Jackson: Jackie Robinson first made his mark in minor leagues

From SABR member Josh Jackson at MiLB.com on January 31, 2019:

Thursday marks 100 years since the birth of perhaps baseball’s greatest hero. Jackie Robinson’s lifetime of accomplishment was so remarkable that to consider a single aspect of it undermines the whole. To focus on him as a socio-political figure is to risk forgetting he was one of the most electric ballplayers who ever lived, one whose play changed baseball. To focus on him as an athlete is to fail to acknowledge that he stands as one of the most important Americans of the 20th century.
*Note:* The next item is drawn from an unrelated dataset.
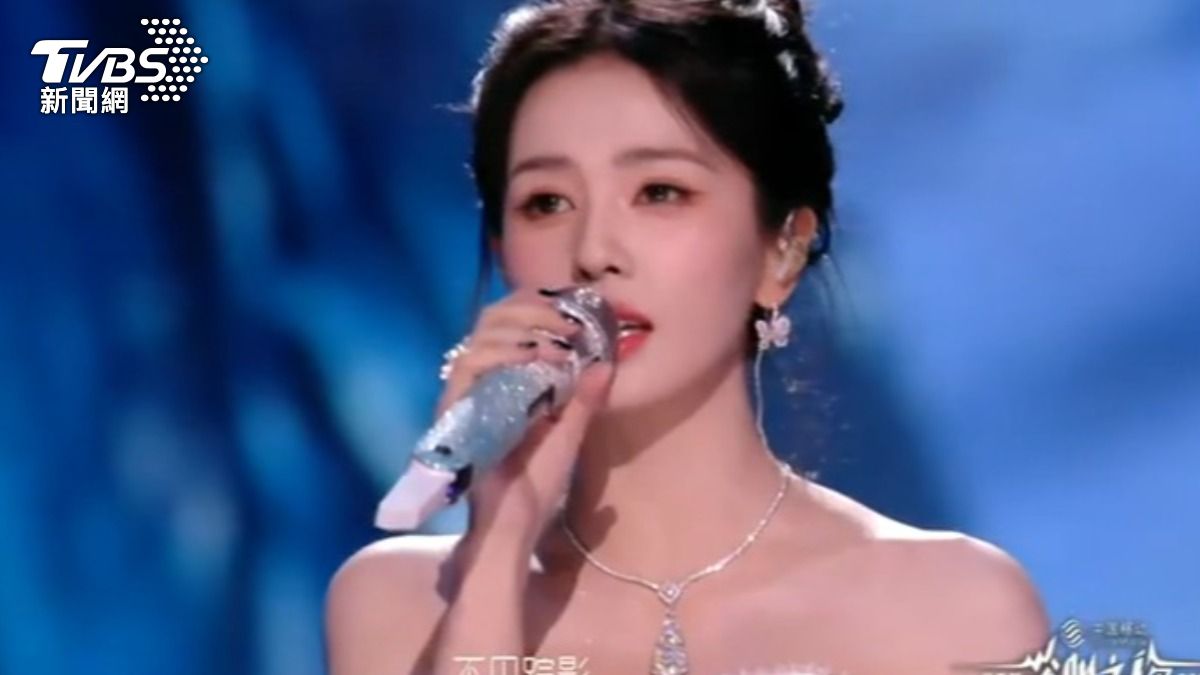 大陸女星白鹿,獲得尖叫女演員。(圖/TVBS)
In integrating America’s pastime at the big league level with the Brooklyn Dodgers in 1947, Robinson contributed to the Civil Rights Movement before many in the United States knew such a thing existed. It was a cause he further advanced through his comportment on the field in the face of bitter, brutal racism, through a corporate career after he’d finished playing and an active political life for most of his lifetime.

As a student at Pasadena Junior College, he was arrested for standing up to a police officer he thought was harassing a friend. At UCLA, he was one of four black players on the football team and the school’s first student-athlete to letter in four sports. As a young soldier, he decried institutional racism in the Army and was court-martialed. And obviously as a big leaguer, he helped the game of baseball be reborn with modernization both inside and outside the lines.